Going by some information in the comments on SEJPM's answer:

By other I meant quadratic or factorial times

Let's list some of these other time complexities:

  • Constant time or $O(1)$
    • Not to be confused with "constant-time" implementations as frequently spoken of in cryptography
  • Logarithmic time or $O(\operatorname{log} n)$
  • Linear time or $O(n)$
  • Quadratic time or $O(n^2)$
  • Cubic time or $O(n^3)$
  • ...
  • Polynomial time or $O(n^a)$

    • Notice how this is a generalization of all of the entries from linear onwards
  • Subexponential time or $O(2^\sqrt n)$
  • Exponential time or $O(2^n)$
  • Factorial time or $O(n!)$

These are used to refer to how long it takes to solve a given problem. The lower down on the list, the longer it takes to solve a problem of a given size (assuming that the size is large).

From working with symmetric cryptography, we know that if a problem takes $O(2^{128})$ time to solve (or better, $O(2^{256})$), then we can rest assured that no adversary will ever be able to solve that problem.

Why not use easier time problems?

Could we use a problem that has a say quadratic time solution and make $n$ large enough such that it takes time equivalent to $O(2^{256})$? Sure, make $n = 2^{128}$ and then solving your problem will cost $2^{256}$ time. But then $n$ will be so very large that actually using such a system will be impossible.

We like problems that only have exponential-time algorithms because it implies that we can keep $n$ very small and have an efficient/practical implementation of the scheme.

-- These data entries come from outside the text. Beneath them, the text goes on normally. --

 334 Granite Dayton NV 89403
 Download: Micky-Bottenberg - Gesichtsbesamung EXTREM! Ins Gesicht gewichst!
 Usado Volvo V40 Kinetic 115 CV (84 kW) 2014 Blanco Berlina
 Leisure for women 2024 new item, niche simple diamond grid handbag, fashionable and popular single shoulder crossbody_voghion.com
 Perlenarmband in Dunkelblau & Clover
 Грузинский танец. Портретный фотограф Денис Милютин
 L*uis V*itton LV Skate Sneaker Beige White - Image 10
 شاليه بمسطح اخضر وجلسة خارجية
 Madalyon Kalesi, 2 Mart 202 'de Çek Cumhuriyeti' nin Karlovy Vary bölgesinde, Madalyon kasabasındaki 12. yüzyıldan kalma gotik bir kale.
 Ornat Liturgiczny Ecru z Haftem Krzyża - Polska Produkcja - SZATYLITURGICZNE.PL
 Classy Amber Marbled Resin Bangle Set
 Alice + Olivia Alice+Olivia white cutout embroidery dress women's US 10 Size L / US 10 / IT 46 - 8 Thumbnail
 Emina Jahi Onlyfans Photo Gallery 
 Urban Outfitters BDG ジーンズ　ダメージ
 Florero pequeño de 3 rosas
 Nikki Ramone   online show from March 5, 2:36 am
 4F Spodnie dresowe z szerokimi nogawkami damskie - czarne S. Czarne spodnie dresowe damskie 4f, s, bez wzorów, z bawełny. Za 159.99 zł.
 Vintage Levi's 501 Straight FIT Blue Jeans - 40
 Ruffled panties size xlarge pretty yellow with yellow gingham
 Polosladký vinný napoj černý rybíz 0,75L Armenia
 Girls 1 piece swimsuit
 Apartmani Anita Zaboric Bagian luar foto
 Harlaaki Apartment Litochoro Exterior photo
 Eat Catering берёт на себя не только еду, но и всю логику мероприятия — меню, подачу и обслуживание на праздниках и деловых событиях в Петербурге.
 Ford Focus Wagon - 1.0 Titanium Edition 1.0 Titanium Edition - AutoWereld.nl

Cryptography would be easy if you didn't have to worry about efficiency; the magic/challenge of cryptography is to have problems that are (relatively) easy to evaluate but hard to solve. If it is equally hard to evaluate as it is to solve, then it is not useful for cryptography.

So why care about polynomial time specifically?

In general, a polynomial time algorithm is considered "efficient". It will not take until the end of the universe to solve even a large such problem.

There are some conceivable exceptions: The exponent could be so large that even reasonably small values of $n$ would lead to problems that are intractable to solve in a practical amount of time.

This question on cs.stackexchange has a table that is relevant to this topic. I will re-post it here for the discussion:

Required times and complexities

And a quote from the answer:

... you'd need to give an algorithm of logarithmic complexity input of size on the order of 2 to the something enormous in order to get it to run for a century, but for an algorithm of complexity $O(n!)$ you only input of size ~10 to make it run for that long.

If an there is an algorithm that provides a solution to the problem in polynomial time, in general that means the problem is solved too easily to be of use for cryptography.

Why don't we use problems with $O(n!)$ time solutions?

If you know of a problem where you can prove that the adversaries best solution is $O(n!)$, I'm sure the world would love to hear about it. Remember also, that the legitimate users (not adversaries) need to be able to compute whatever it is efficiently.